There are, to put it mildly, massive political risks associated with conceding the entire edifice of free trade to one’s political opponents. During our working lives, the individual exists as both producer and consumer, and the overwhelming purpose of production is in order to consume; either ourselves or for our families. Yes, there is dignity and purpose and self-realisation to be found in our employment, but fundamentally we do it to put a roof over our heads, to put food in our bellies, and to build up reserves of material security. An economic strategy which insists that we incur some kind of defeat by buying anything as opposed to selling it is fundamentally at odds with that reality.  
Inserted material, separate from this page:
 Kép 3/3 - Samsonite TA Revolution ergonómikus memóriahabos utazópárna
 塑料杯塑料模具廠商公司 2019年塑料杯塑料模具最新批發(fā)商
Trump ultimately baulked because he knew that his political base would only tolerate a limited economic shock in terms of prices and inflation, and he lacked a compelling narrative to get them to go any further.  Other than those who owe him their monthly pay cheque, nobody is compelled to share in this political misadventure. Yet this definitional category of “globalists” has deluded people, including in countries that were on the intended receiving end of the tariffs, into believing that it was the beginning of a long march against the Cultural Marxists who run Goldman Sachs. Or something like that. 

This isn’t to be dismissive of the idea that there are dangerous and subversive political forces who have wormed their way into positions of extreme influence in the multinational private sector and intergovernmental institutions. But those groups can be opposed on their own terms. The Right must learn to distinguish the parasite from the host.